Input →

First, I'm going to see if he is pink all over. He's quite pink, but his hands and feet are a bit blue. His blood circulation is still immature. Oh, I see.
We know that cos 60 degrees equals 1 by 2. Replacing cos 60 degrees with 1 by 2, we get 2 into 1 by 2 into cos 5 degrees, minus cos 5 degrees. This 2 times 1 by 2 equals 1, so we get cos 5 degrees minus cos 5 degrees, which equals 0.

...

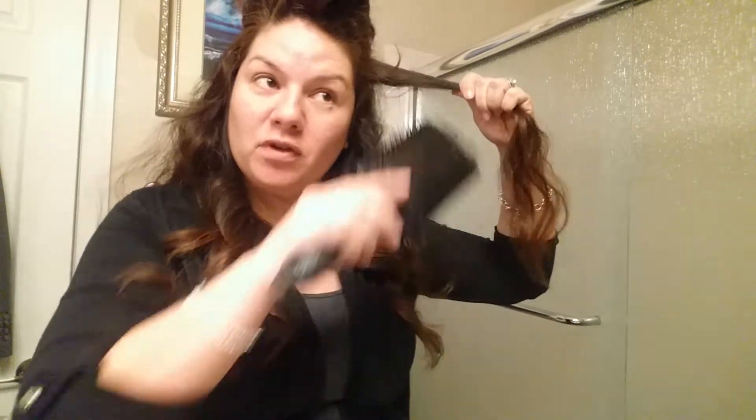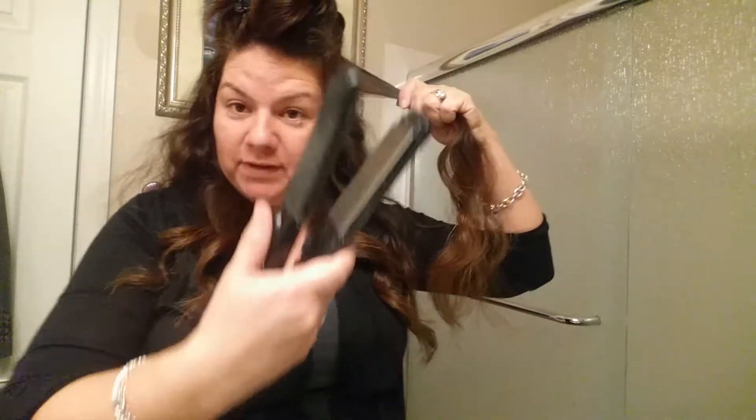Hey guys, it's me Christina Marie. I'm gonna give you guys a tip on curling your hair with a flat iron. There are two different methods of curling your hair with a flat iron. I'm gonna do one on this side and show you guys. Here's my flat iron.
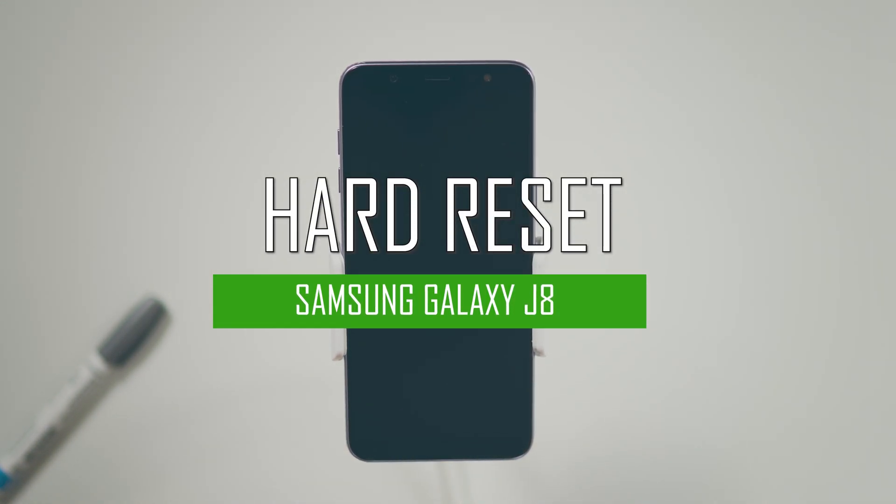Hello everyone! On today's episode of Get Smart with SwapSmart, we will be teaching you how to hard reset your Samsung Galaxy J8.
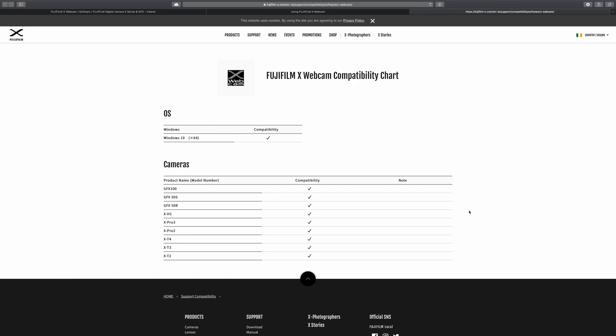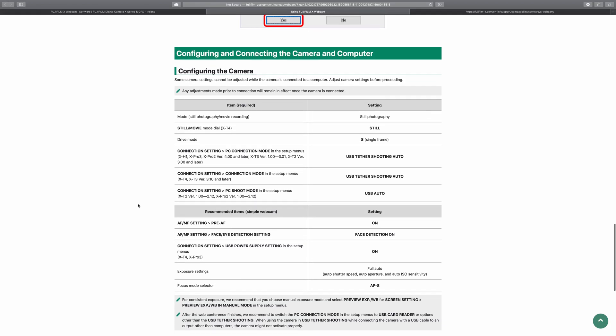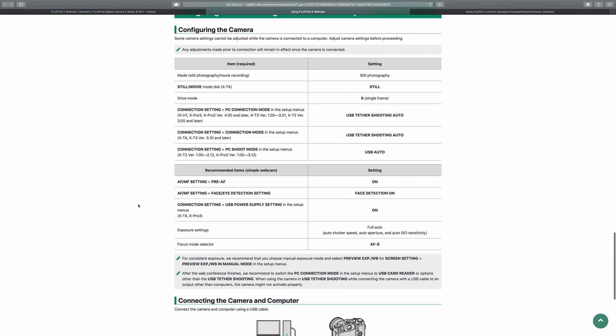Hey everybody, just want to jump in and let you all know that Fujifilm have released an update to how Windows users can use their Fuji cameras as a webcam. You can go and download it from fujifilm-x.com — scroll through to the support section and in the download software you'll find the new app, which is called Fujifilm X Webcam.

Aim of the exercise → A word-for-word copy of the lines above from the one with "First, I'm going" through the one with "We know that", inclusive, is the only output wanted.

Result for this exercise →
First, I'm going to see if he is pink all over. He's quite pink, but his hands and feet are a bit blue. His blood circulation is still immature. Oh, I see.
We know that cos 60 degrees equals 1 by 2. Replacing cos 60 degrees with 1 by 2, we get 2 into 1 by 2 into cos 5 degrees, minus cos 5 degrees. This 2 times 1 by 2 equals 1, so we get cos 5 degrees minus cos 5 degrees, which equals 0.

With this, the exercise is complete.